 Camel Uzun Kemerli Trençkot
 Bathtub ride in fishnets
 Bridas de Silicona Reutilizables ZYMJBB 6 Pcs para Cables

§ **Your task**
The line with "Bathtub ride in fishnets" and all lines after it through the end of the data above: write these out exactly and add nothing.

§ **Written reply**
 Bathtub ride in fishnets
 Bridas de Silicona Reutilizables ZYMJBB 6 Pcs para Cables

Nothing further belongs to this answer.